Data entries:
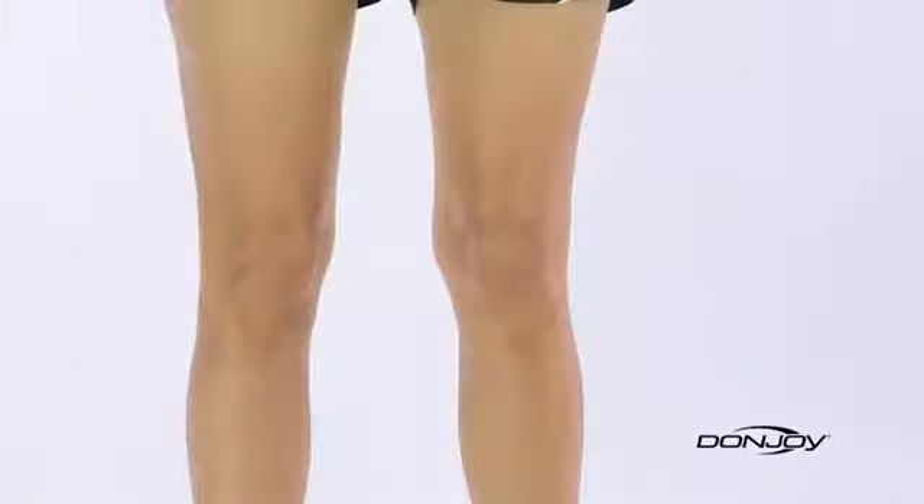You'll need a tape measure to take three measurements: one at knee center, and then at your thigh and calf, six inches above and below your kneecap. The best way to do this is to stand with your legs shoulder-width apart, legs slightly bent with your muscles contracted.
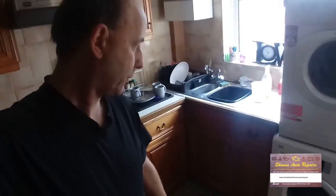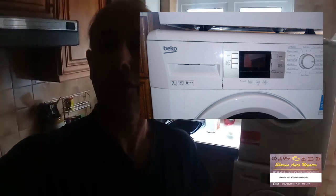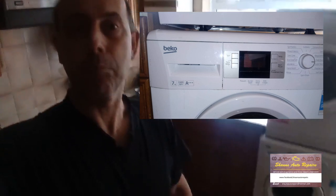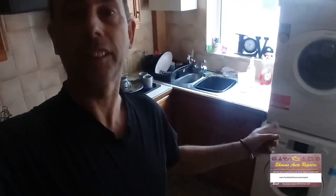We have a customer complaint that the washing machine down there, the Beko 7kg washing machine, doesn't finish a cycle — it doesn't drain after a wash cycle or for a spin cycle. I've had this problem a couple of times before and I've actually repaired this machine, so I didn't decide to film it until I was putting it back together. I filmed it in reverse, so some of the film stages may look a bit out of sequence, but I'll explain what the problem is.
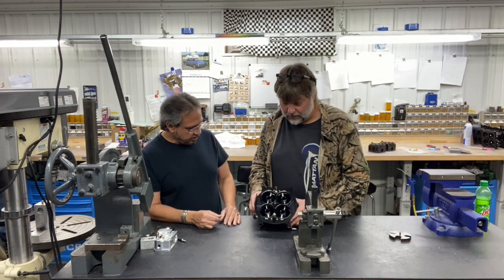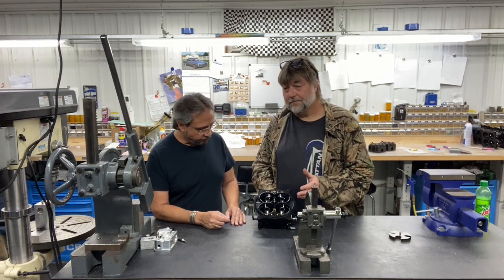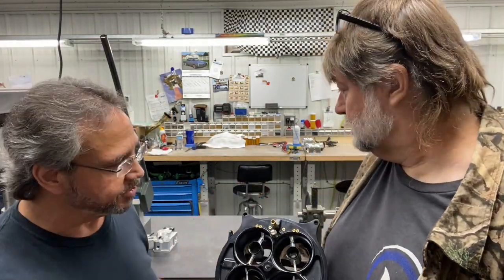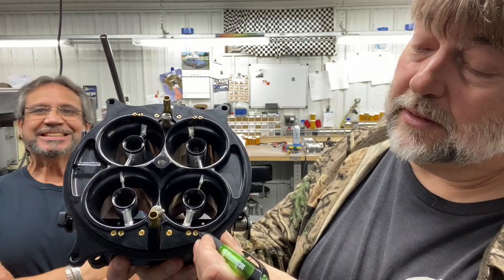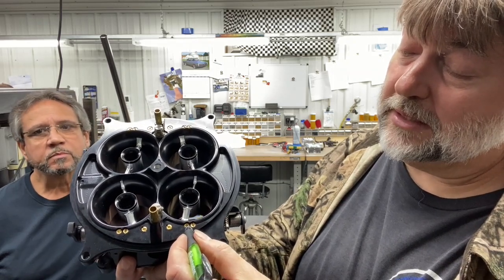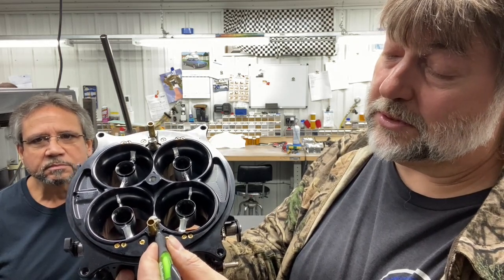But when you're talking a three circuit carburetor, they're not always in the same location. They're not always in the same spot depending on the metering block and the manufacturer of the carburetor. So on your standard dominator, your idle bleed is the bleed furthest from the vent tube — so it's your third bleed over. Your intermediate bleed is the bleed right next to it, and your high speed bleed is the bleed closest to the vent tube. Now that's on a standard Holley carburetor metering block.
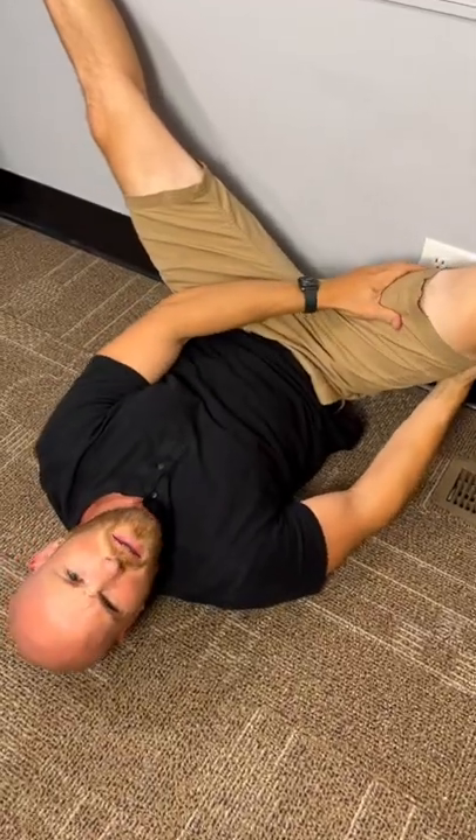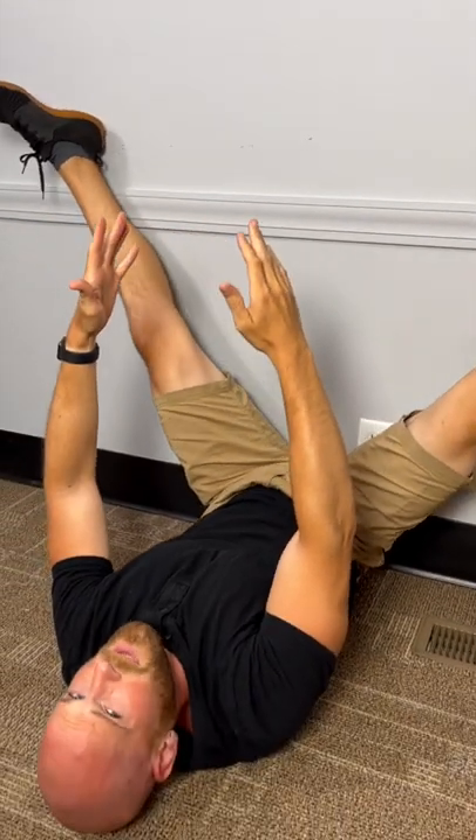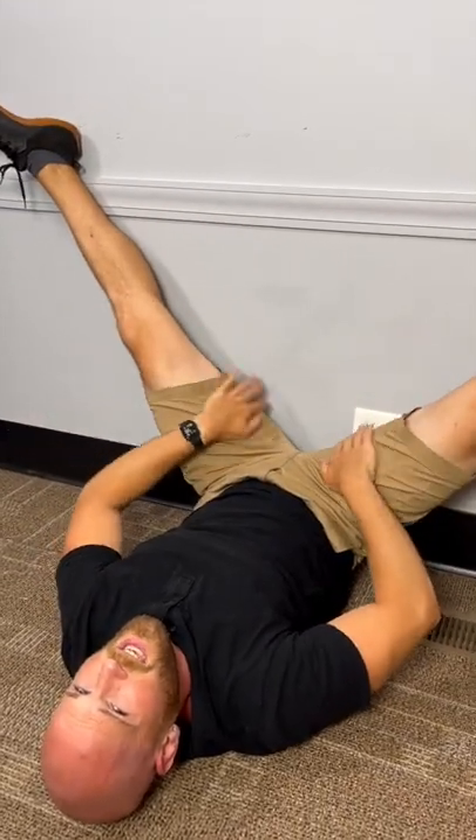Do you have tight inner thighs? First, place your feet up on a wall, then slowly bring your legs apart to a comfortable position, and you start feeling a stretch right here in the inner thighs.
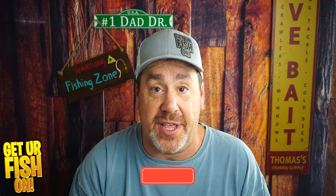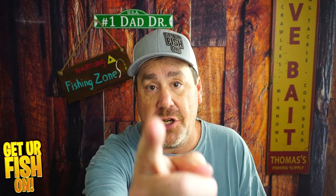If you want one, the link is in the description below. Comment below and tell me what you think. Remember, take your kid fishing, get your fish on. I'll talk to you soon. Cheers.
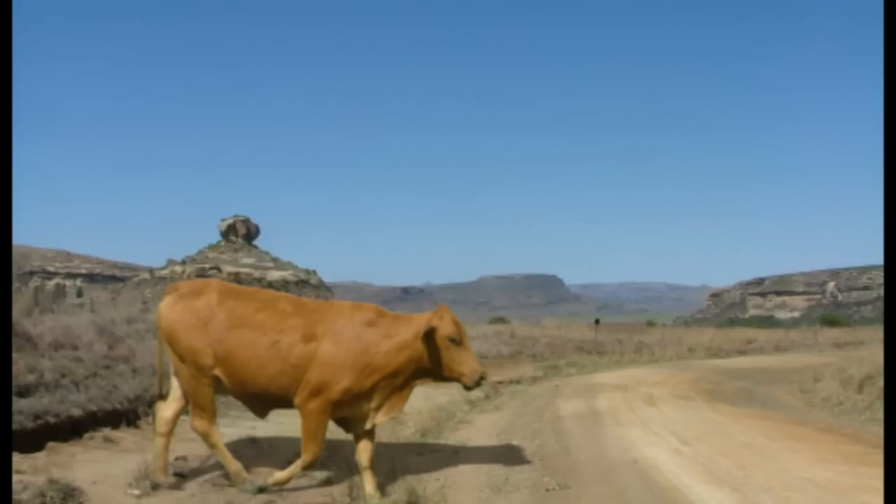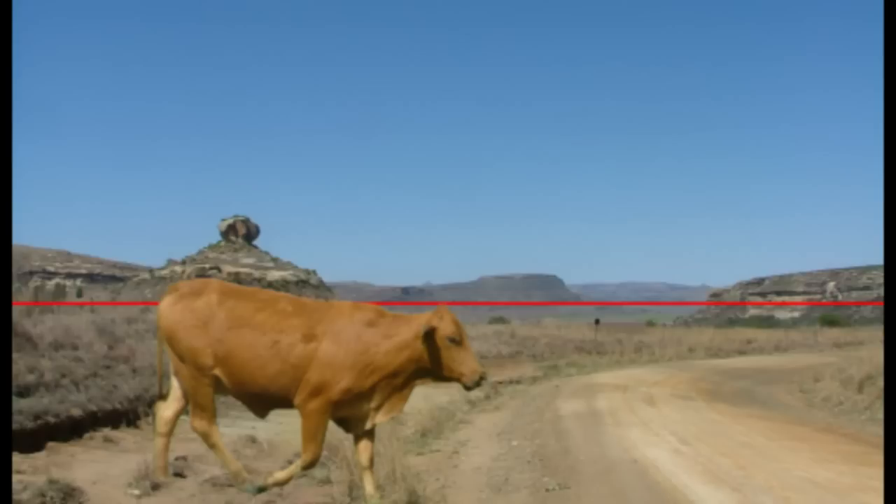Sorry Rusty, but you won't be needing your shadow for a while. One point perspective works like this: the further an object is away from us, the smaller it will appear. The point where the object becomes so small it disappears on the horizon is called our vanishing point. So for us to move Rusty around, we'll first need to find the horizon. The horizon is always at eye level, which seems to be around here. Now let's pick a point on the horizon — it doesn't matter where — this is going to be our vanishing point.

TASK STATEMENT
Once the pictures are removed, set down what remains of the entries above exactly.

TASK RESULT
You'll need a tape measure to take three measurements: one at knee center, and then at your thigh and calf, six inches above and below your kneecap. The best way to do this is to stand with your legs shoulder-width apart, legs slightly bent with your muscles contracted.
We have a customer complaint that the washing machine down there, the Beko 7kg washing machine, doesn't finish a cycle — it doesn't drain after a wash cycle or for a spin cycle. I've had this problem a couple of times before and I've actually repaired this machine, so I didn't decide to film it until I was putting it back together. I filmed it in reverse, so some of the film stages may look a bit out of sequence, but I'll explain what the problem is.
But when you're talking a three circuit carburetor, they're not always in the same location. They're not always in the same spot depending on the metering block and the manufacturer of the carburetor. So on your standard dominator, your idle bleed is the bleed furthest from the vent tube — so it's your third bleed over. Your intermediate bleed is the bleed right next to it, and your high speed bleed is the bleed closest to the vent tube. Now that's on a standard Holley carburetor metering block.
Do you have tight inner thighs? First, place your feet up on a wall, then slowly bring your legs apart to a comfortable position, and you start feeling a stretch right here in the inner thighs.
If you want one, the link is in the description below. Comment below and tell me what you think. Remember, take your kid fishing, get your fish on. I'll talk to you soon. Cheers.
Sorry Rusty, but you won't be needing your shadow for a while. One point perspective works like this: the further an object is away from us, the smaller it will appear. The point where the object becomes so small it disappears on the horizon is called our vanishing point. So for us to move Rusty around, we'll first need to find the horizon. The horizon is always at eye level, which seems to be around here. Now let's pick a point on the horizon — it doesn't matter where — this is going to be our vanishing point.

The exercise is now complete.